Trade Alert – Trimming our biggest position and buying puts on two bubbled fuel-cell stocks

The weakness in the momentum highflying stocks like Tesla, Zillow, and DDD remains noteworthy. I’m growing increasingly bearish about the near-term, but not necessarily changing anything in the portfolio.

I am however going to trim down a bit of our biggest position, Facebook, just to lock in some more profits.

I’m also going to buy puts in some crazy bubblicious stocks like the currently ongoing and crazily spiking $PLUG and $BLDP, which are fuel cell related stocks that are up 1000%s in the last year and have gone parabolic in the last few weeks and days. By buying puts, I’m trying to capture some actual profits on this, but I also know that if the bubble keeps going crazy in the near-term, I’ll lose all of my capital on the puts.

I’m buying $PLUG puts that expire in April or later and have strike prices from $12-15. And I’m buying a tiny bit of some $BLDP puts that expire out in May with $7 strikes. These are VERY RISKY OPTION trades. Don’t even mess with this if you don’t feel absolutely confident about what you’re doing and unless you’re willing to lose 100% of the capital you put into this trade.

It was late 1999, and I had just finished modeling out an incredibly complex model of a Free Space Optical high-speed Internet access business for an incubator that itself would run out of money within another year. An incubator is a company that helps fund and develop other companies, usually in exchange for equity, and I was working for an incubator in NYC after having failed to get my first novel published.

The boss of the incubator had decided that Free Space Optics, which is basically fiber optic high speed technology that’s beamed over the air from building top to building top, was a huge opportunity, so I’d spent the last few months helping design and modeling out the financials for an FSO network in NYC.

I sat down at a big, long glass conference table in our penthouse office in the meatpacking district in downtown NYC, and after showing up thirty minutes late, in walked our Nortel sales representative along with his regional boss and a couple underlings.

“What do you need from us?” was how the sales representative started the discussion after we’d all made our introductions and sat down. I thought it was a bad way to open a sales pitch, but then I almost fell out of my chair when his boss then said, “Look, we’ve got more demand and orders and customers than we know what to do with right now, so this pitch of yours better be good.”

Our chairman described the FSO network for NYC that he envisioned building using the latest Nortel FSO equipment. I explained our detailed financial model that I’d built, and we talked about our first potential order from Nortel, which would be nearly $10 million in equipment to get the network in NYC partly built. The Nortel guys basically laughed in our face and soon left for another meeting with another customer of theirs that probably had a bigger order to place, as we never did get that equipment from Nortel ordered.

I walked out of that meeting with the head of finance for the incubator I was working at, and we went to his desk and before we could finish our conversation, he had pulled up his personal stock portfolio on the Internet and was showing me how much money he’d made on all his technology investments, including Nortel, over the last year. I asked him if he realized how much of Nortel’s revenues were coming from them extending “vendor financing” to customers like we’d just asked for. He brushed off the question and continued talking about all those profits he had in his portfolio and all the money he was going to make. Nortel was at $80 a share at the time, and its chart was straight up in a way that all the chartists love to see.

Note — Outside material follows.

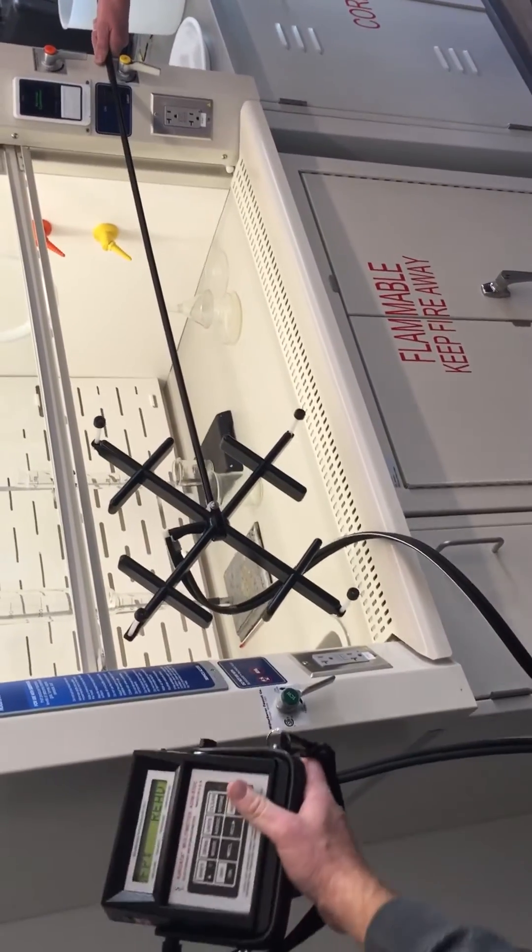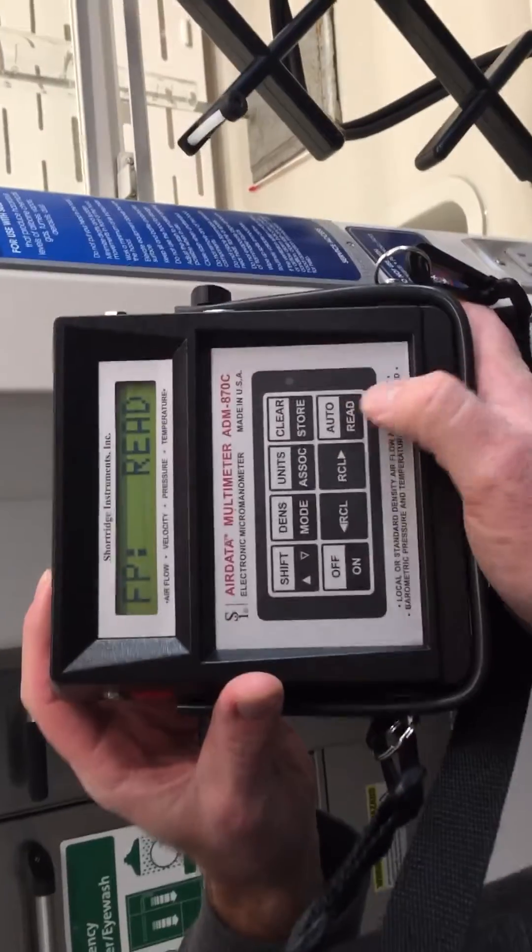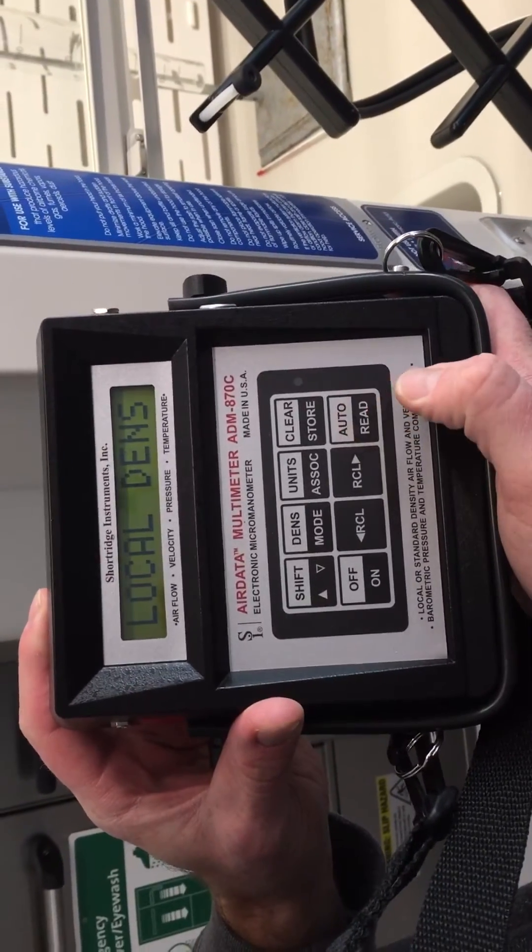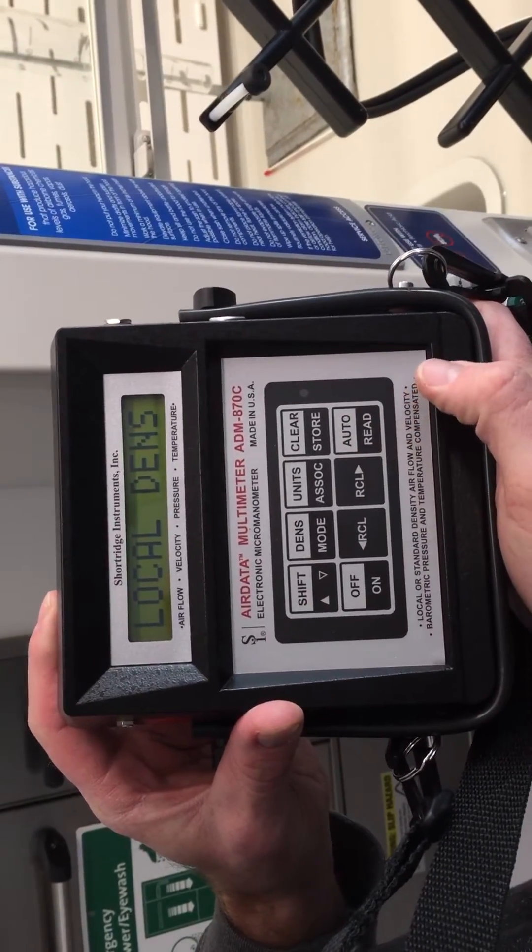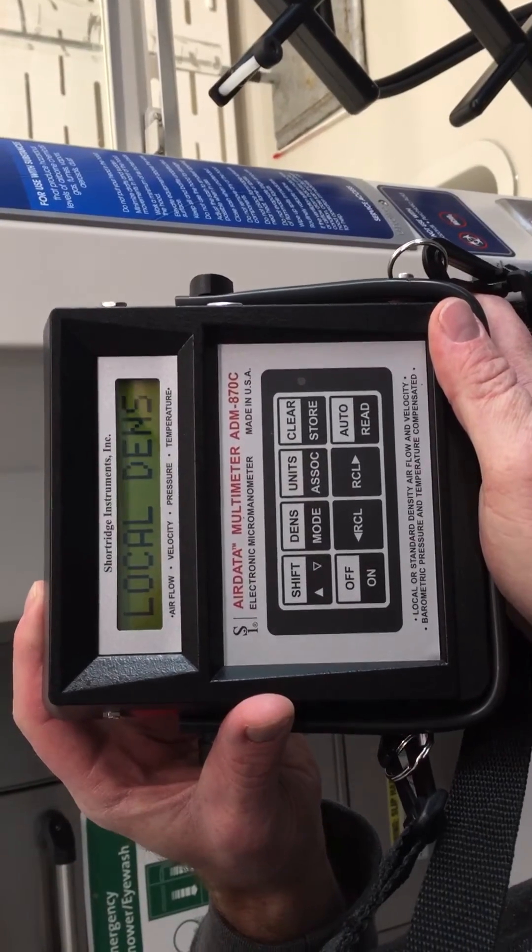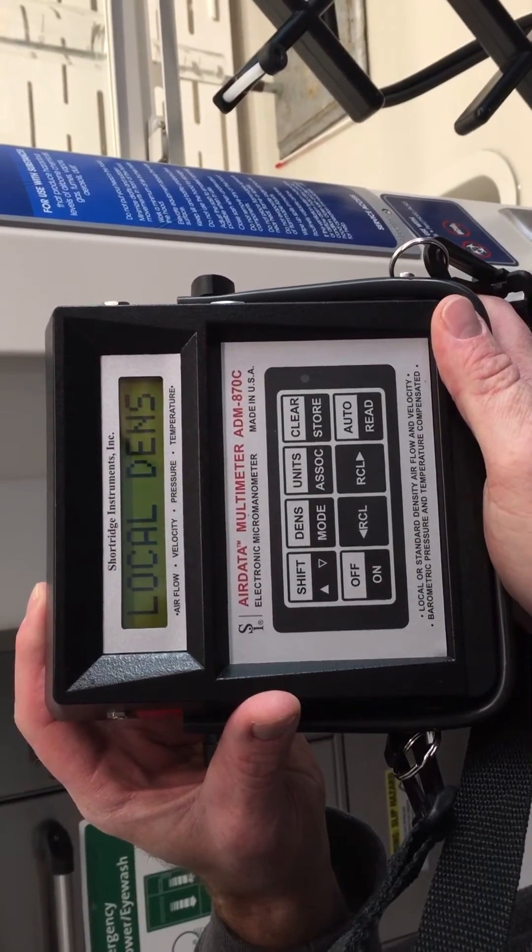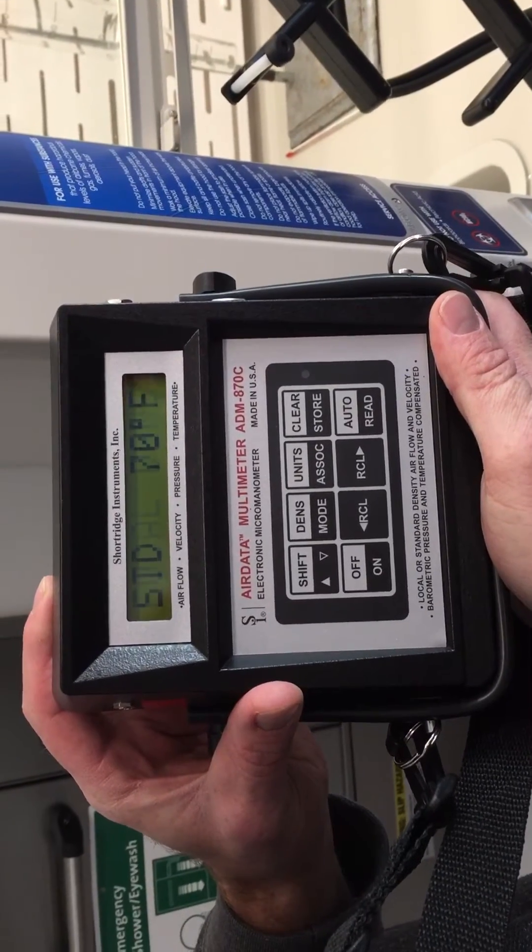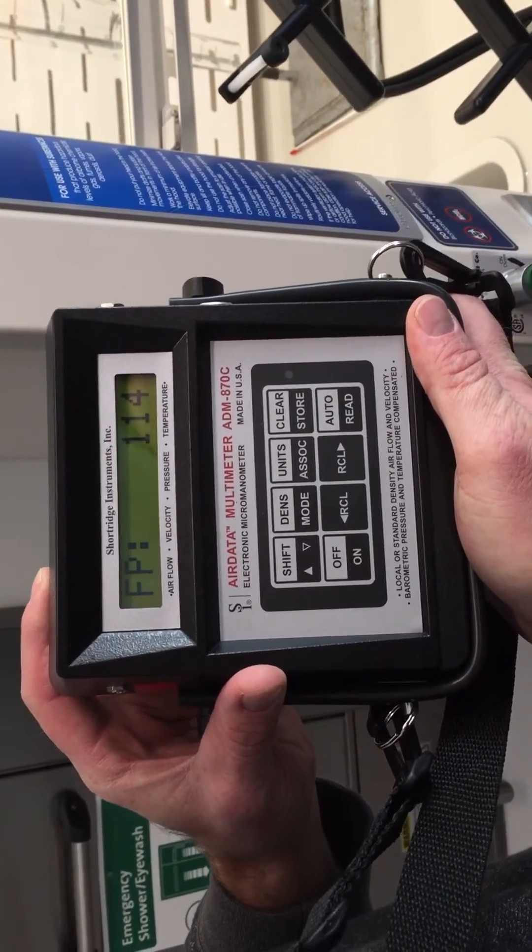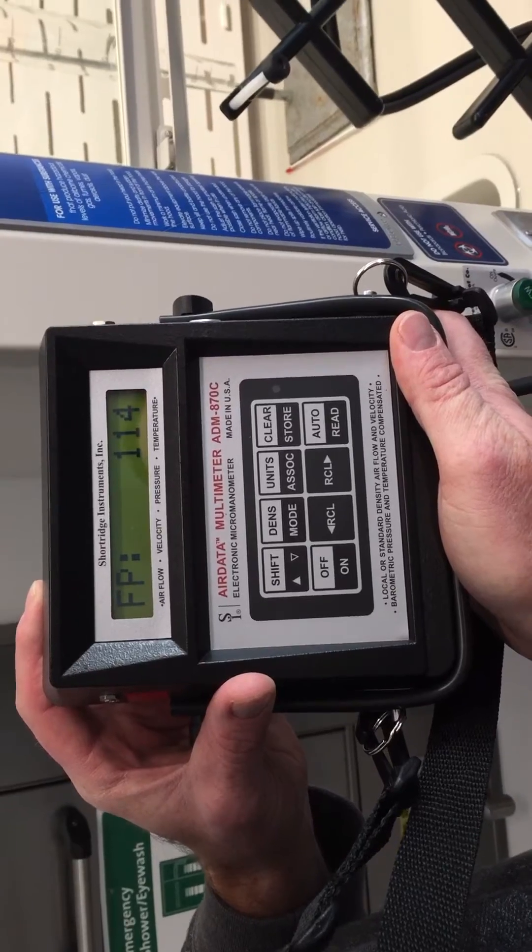You then, on the terminal, press the run button to take a measurement of the air flow. This reads as 114 feet per minute.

I’d recently started a website called Teleconomist and I wrote a scathingly bearish article on it that eventually got me a regular gig at TheStreet.com that was all about how bubbled up telecom and tech stocks in particular were.

Last week I wrote about how “Fundamentals don’t matter, because it’s already a bubble,” and I want to be clear that I’m not saying that you shouldn’t care about fundamentals since we are in a bubble, but simply that you need to be on your toes for when this bubble finally starts to pop.

Take a look at a one year chart of $PLUG $FCEL and any other crappy fuel cell stock and tell me we’re not in a bubble.

Same can be said of many ridiculous sectors. Take a look at a one year chart of $PHOT $MJNA and any other crappy marijuana stock and tell me we’re not in a bubble. But again, it doesn’t mean it’ll pop tomorrow.

I hope you are selling the heck out of every single share of that hyped-up speculative stocks like the aforementioned fuel-cell and marijuana hyped-up bubble stocks and others like the $HYSR penny stock I’ve lately seen hyped up on Scutify.com while you can. Most all of these hyped-up penny stocks will likely be back below their all-time lows in less than a year. And for those of you who are complacent about your own big ol’ technology stocks like Google, Priceline, Facebook, Tesla and the rest of the mega-cap tech stocks, you should also be aware that Nortel from all the way from $80, when it had over a $100 billion market cap, to less than a dollar before eventually delisting.

Don’t panic yet. But be aware of the bubble all around you.